Rooie bestaat uit acht verhalen over een groepje jongens en meisjes en hun klassenleraar op een experimentele school. De verhalen worden verteld door een ik-verteller. Deze ‘ik’ is de veertienjarig Walter Berg, een personage dat ook in Van Toorns proza voor volwassenen met enige regelmaat optreedt. Walter geeft boeiende portretten van zijn klasgenoten Rob, Sjaak en de Italiaanse Paolo. Maar hij vertelt ook over zichzelf, over zijn liefde voor Linda en zijn onzekerheid over wat hij later wil worden.
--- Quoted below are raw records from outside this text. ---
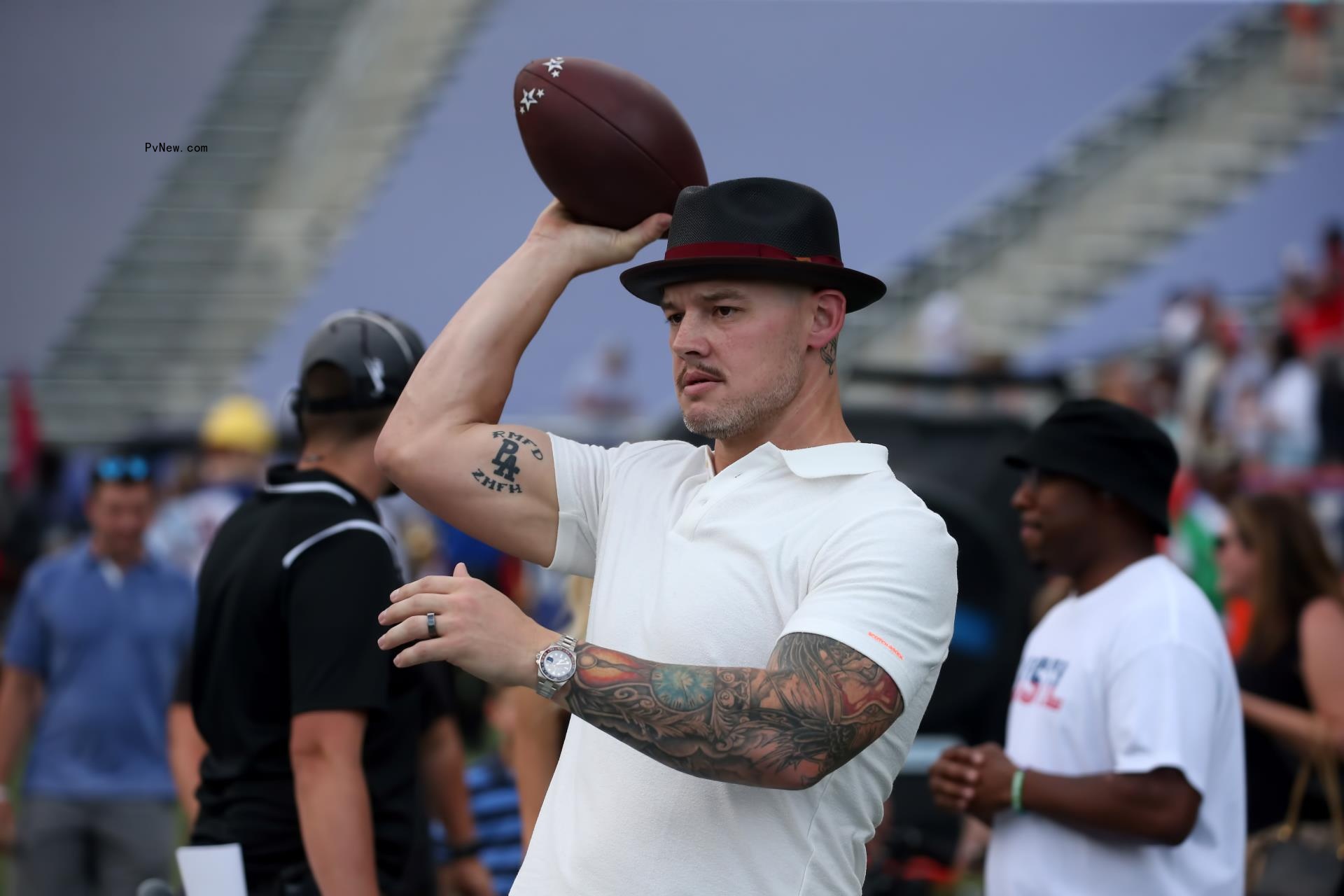 Baron Corbin throws football in June 2022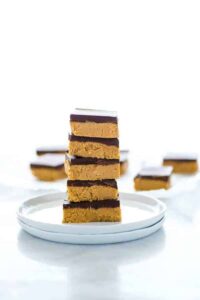 A stack of gluten free chocolate peanut butter bars on a white plate.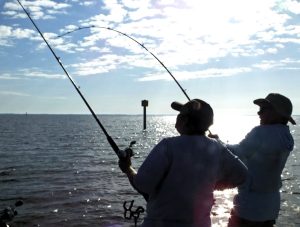 Capt. Witherell emphasizes teamwork. She enjoys helping a client fight the biggest fish of his life; and catching it.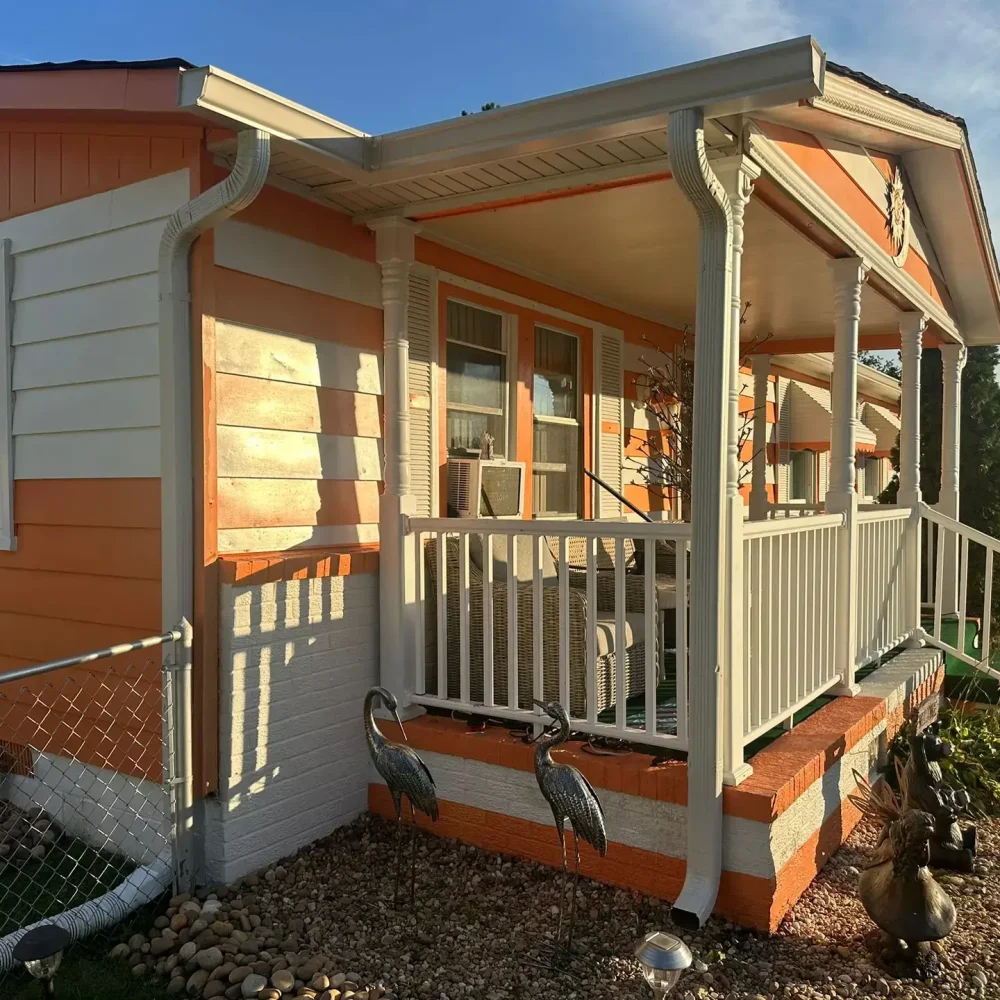 New gutter system with guard installation and repair work on a residential porch in Virginia for better rainwater flow.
Met zijn schets van het schoolleven geeft Van Toorn een impressie van de jaren zestig, toen op onderwijsgebied nog heel veel mogelijk was en mensen nog echt luisterden naar elkaar. Vanaf de eerste bladzijde overheerst de nostalgie, de herinnering aan een tijd die beter was dan die van de jaren tachtig.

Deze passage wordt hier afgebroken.